Research finds can the microorganism of Promoting plant growth containing some in plant rhizosphere soil, generally has fixed nitrogen, phosphorus decomposing, releases potassium, produces the ability such as plant hormone and secretion microbiotic or at least have the bacterium, cyanobacteria etc. of one of them ability.Be referred to as plant growth-promoting rhizobacteria (PGPR), its growth-promoting functions mechanism mainly contains following several large class: provide plant nutrient substance, produce plant growth regulating substance, plant rhizosphere bioremediation agents and environment-stress conditioning agent etc.But filter out and there is several functions and efficiently microorganism strains is the target that this area is pursued always.
Tobacco absorbs macroelement nitrogen, phosphorus, potassium, the nutritive element such as moderate-element calcium, magnesium, sulphur and micronutrient boron, zinc, copper, manganese, iron.Absorbing rule is that early growth period (after transplanting to group before) is few, and mid-term (group to pinch before) absorbed dose is maximum, and later stage (after pinching) absorbed dose reduces gradually, the S-type curve of whole dietetic alimentation in vegetative period.In soil, existing phosphorus can not meet the needs of tobacco growing.Containing large amount of organic in soil, PGPR can be utilized the phosphorous organic substance decomposing in soil, produce and can be used for the phosphorus of Tobacco.Both turn avoid for tobacco supplements nutritive element the drawback too much using chemical fertilizer, such as easy contaminate environment, make soil compaction that the soil property of Tobacco Farm is damaged, the organism in loss soil, reduces soil fertility etc.And yet there are no the enterobacter cloacae that there is efficient phosphate-solubilizing simultaneously and produce IAA function and the application report promoting tobacco growing thereof.
Summary of the invention
The object of this invention is to provide the application of an Enterobacter cloacae and promotion tobacco growing thereof, this bacterial strain has phosphorus decomposing and produces the effect of growth hormone IAA.
One Enterobacter cloacae (Enterobactercloacae) JP6, this bacterial strain deposit number: CGMCCNo.9615.Depositary institution: China Committee for Culture Collection of Microorganisms's common micro-organisms center (CGMCC), address: No. 3, Yard 1, BeiChen xi Road, Chaoyang District, Beijing City, preservation date: on August 28th, 2014.
The culture condition of described enterobacter cloacae, adopts LB substratum: peptone 10g, yeast extract 5g, NaCl10g, distillation 1000ml, 121 DEG C of sterilizing 20min, culture temperature 37 DEG C, pH7.0.
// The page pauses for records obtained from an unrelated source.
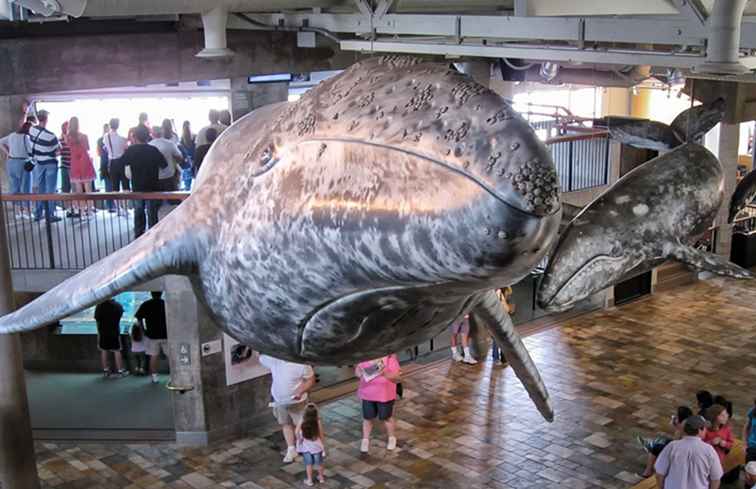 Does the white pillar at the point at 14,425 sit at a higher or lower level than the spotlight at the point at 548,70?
lower

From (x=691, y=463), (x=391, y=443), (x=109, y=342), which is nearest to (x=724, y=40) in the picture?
(x=691, y=463)

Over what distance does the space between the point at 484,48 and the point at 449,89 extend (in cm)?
878

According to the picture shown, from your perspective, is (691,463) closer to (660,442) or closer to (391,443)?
(660,442)

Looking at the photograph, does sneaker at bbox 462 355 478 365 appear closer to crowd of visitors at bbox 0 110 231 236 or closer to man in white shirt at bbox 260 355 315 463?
man in white shirt at bbox 260 355 315 463

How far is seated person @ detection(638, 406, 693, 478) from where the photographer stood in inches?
407

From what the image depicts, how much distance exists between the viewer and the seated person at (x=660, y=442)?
1033cm

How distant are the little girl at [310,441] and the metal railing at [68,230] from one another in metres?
3.36

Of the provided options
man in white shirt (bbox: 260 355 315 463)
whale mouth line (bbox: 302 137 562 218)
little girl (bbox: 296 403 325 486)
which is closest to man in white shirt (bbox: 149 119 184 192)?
man in white shirt (bbox: 260 355 315 463)

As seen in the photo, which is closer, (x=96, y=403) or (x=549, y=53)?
(x=549, y=53)

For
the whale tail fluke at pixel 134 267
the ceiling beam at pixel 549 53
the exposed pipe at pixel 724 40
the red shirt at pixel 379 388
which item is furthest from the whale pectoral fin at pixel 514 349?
the red shirt at pixel 379 388

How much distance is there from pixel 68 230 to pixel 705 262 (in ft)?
41.0

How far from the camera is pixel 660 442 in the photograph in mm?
10883

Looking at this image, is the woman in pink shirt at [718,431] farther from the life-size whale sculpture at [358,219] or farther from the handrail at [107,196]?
the life-size whale sculpture at [358,219]

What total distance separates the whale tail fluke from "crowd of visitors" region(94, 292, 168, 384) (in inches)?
450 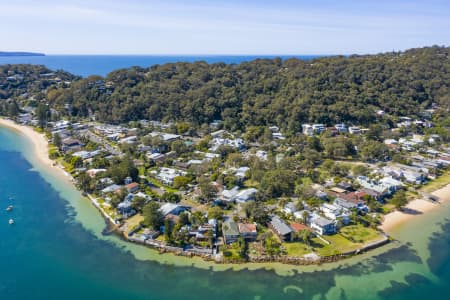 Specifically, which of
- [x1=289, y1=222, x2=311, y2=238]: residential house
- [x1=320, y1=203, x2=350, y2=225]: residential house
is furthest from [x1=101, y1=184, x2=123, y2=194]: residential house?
[x1=320, y1=203, x2=350, y2=225]: residential house

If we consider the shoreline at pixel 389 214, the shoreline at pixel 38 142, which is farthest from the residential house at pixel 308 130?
the shoreline at pixel 38 142

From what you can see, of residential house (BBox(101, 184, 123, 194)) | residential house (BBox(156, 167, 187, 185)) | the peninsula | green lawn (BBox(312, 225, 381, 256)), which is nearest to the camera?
green lawn (BBox(312, 225, 381, 256))

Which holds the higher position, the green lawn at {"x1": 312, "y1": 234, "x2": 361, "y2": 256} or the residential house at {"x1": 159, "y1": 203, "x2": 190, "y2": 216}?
the residential house at {"x1": 159, "y1": 203, "x2": 190, "y2": 216}

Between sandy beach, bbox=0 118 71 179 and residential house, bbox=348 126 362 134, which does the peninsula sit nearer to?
residential house, bbox=348 126 362 134

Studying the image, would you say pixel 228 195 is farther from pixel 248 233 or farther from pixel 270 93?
pixel 270 93

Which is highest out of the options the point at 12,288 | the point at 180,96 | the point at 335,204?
the point at 180,96

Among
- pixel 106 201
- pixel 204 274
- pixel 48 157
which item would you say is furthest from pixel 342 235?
pixel 48 157

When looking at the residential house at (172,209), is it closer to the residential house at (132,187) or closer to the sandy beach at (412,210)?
the residential house at (132,187)

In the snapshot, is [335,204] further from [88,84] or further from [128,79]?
[88,84]

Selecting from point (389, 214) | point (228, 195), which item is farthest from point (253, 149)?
point (389, 214) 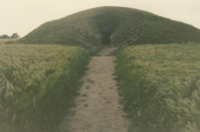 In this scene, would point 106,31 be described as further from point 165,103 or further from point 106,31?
point 165,103

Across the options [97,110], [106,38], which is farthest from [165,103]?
[106,38]

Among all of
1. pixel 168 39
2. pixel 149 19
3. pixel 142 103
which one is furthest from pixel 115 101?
pixel 149 19

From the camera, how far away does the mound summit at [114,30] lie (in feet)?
97.2

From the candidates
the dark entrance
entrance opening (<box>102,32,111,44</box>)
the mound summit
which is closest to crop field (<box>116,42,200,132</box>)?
the mound summit

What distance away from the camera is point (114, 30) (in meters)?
33.1

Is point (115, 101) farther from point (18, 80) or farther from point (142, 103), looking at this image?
point (18, 80)

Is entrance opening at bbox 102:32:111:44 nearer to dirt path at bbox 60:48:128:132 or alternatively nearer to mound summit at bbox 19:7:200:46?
mound summit at bbox 19:7:200:46

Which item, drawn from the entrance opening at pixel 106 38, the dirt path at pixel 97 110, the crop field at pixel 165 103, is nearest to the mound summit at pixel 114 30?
the entrance opening at pixel 106 38

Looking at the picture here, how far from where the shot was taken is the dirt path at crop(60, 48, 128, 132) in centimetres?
613

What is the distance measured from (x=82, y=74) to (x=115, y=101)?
481 centimetres

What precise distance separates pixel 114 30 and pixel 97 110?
89.6 feet

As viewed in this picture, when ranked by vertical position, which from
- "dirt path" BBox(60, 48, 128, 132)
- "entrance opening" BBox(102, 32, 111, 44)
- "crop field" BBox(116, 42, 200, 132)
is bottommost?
"dirt path" BBox(60, 48, 128, 132)

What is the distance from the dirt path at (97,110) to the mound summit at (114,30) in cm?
1856

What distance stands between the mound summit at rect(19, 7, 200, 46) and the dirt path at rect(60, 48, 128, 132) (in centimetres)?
1856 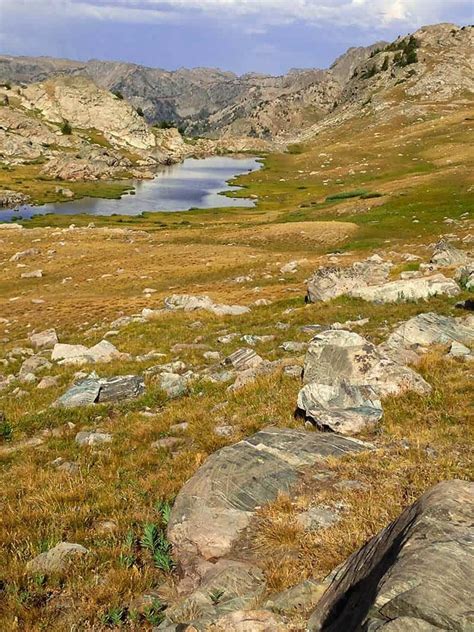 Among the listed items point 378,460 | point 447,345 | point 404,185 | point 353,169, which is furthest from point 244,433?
point 353,169

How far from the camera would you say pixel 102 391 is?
1505 centimetres

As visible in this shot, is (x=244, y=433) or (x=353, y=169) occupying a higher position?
(x=353, y=169)

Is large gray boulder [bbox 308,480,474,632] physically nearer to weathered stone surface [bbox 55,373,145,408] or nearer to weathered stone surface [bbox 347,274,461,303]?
weathered stone surface [bbox 55,373,145,408]

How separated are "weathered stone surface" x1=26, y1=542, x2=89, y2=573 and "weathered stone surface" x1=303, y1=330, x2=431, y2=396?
703 cm

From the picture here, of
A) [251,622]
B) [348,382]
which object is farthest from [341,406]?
[251,622]

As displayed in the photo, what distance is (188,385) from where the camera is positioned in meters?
15.1

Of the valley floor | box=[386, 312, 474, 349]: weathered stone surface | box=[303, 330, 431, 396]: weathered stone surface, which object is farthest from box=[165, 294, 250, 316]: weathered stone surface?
box=[303, 330, 431, 396]: weathered stone surface

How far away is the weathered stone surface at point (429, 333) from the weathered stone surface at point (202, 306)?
12292 mm

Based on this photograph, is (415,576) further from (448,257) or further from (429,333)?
(448,257)

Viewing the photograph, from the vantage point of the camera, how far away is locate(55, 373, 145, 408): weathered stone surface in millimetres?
14602

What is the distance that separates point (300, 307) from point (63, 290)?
2388 cm

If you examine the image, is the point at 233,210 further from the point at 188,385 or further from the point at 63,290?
the point at 188,385

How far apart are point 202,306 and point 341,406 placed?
1830 cm

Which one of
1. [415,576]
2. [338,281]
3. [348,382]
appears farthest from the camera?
[338,281] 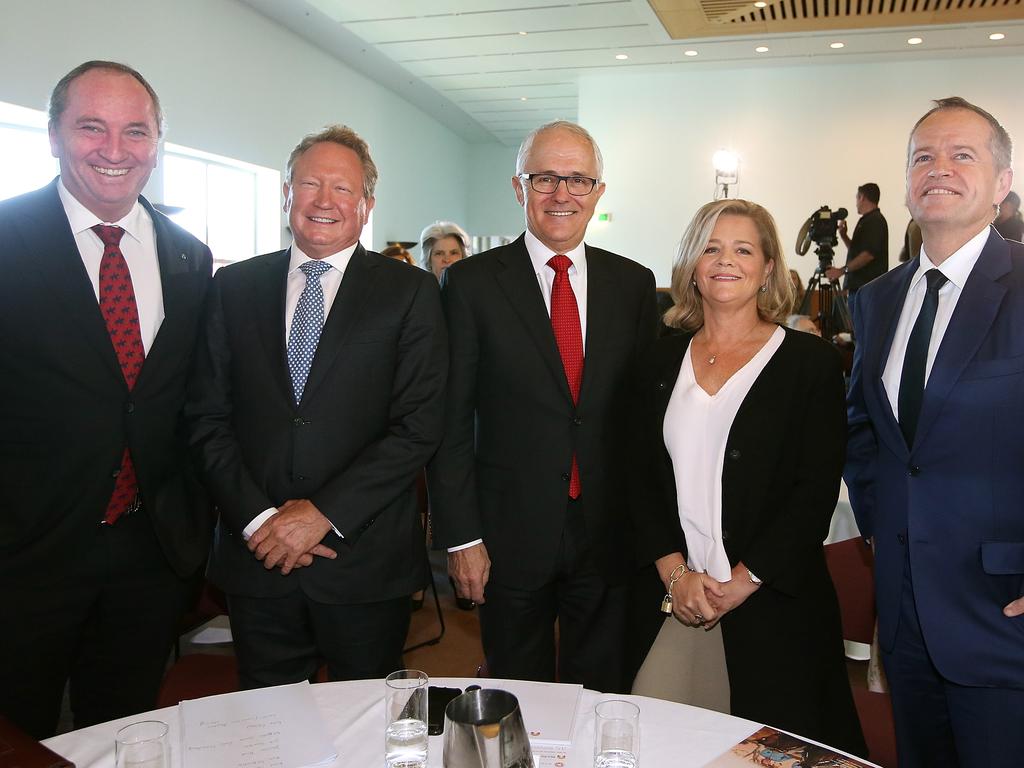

The application of described enterobacter cloacae, for phosphorus decomposing and/or product growth hormone IAA, thus promotes the growth of plant.Described plant comprises tobacco.
Obtain bacteria suspension after strain culturing of the present invention to use as liquid microbial inoculum, bacterium Particle density>=10 of bacteria suspension
8cfu/mL.The using method of microbial inoculum: fill with root after slow seedling, every strain cigarette seedling is with microbial inoculum 1mL.
Bacterium colony and the thalline of bacterial strain of the present invention are characterized as: this bacterial strain is at LB substratum (yeast extract 5g, peptone 10g, sodium-chlor 10g, distilled water 1000mL, agar 15 ~ 20g, 121 DEG C of sterilizing 20min, pH7.0,37 DEG C) upper cultivate 48h after bacterium colony rounded, opaque, surface drying is without protuberance, faint yellow, neat in edge.Thalline is spherical, does not produce gemma, Gram-negative.
The physiological and biochemical property of this bacterial strain is: methyl red test is negative, v-p negative, Starch Hydrolysis test is positive, nitrate reduction test is positive, indole test is positive, hydrogen sulfide production test is positive, Citrate trianion utilizes test positive, glucose fermentation negative, sucrose fermentation test is negative, maltose fermentation test is negative, lactose-fermentation test is positive, mannose ferment negative, glucose carbon source utilizes test positive, the test of lactose utilization of carbon source is positive, the test of N.F,USP MANNITOL utilization of carbon source is positive, the test of sucrose utilization of carbon source is positive, the test of maltose utilization of carbon source is positive, citric acid utilization of carbon source negative, 2 ﹪ NaCl Salt tolerances are positive, 5 ﹪ NaCl Salt tolerances are positive, 7 ﹪ NaCl Salt tolerances are positive, 10 ﹪ NaCl Salt tolerances are negative, product ammonia test is positive.
The optimal culture conditions of this bacterial strain is: yeast extract 5g, peptone 10g, sodium-chlor 10g, distilled water 1000mL, agar 15 ~ 20g, pH7.0, temperature 37 DEG C.
Above bacterial strain may be used for preparing microbiobacterial agent, obtains bacteria suspension by LB culture medium culturing, as liquid microbial inoculum.
Bacterium Particle density>=10 of bacteria suspension
8cfu/mL.
The using method of microbial inoculum: fill with root every strain cigarette seedling with microbial inoculum 1mL after slow seedling.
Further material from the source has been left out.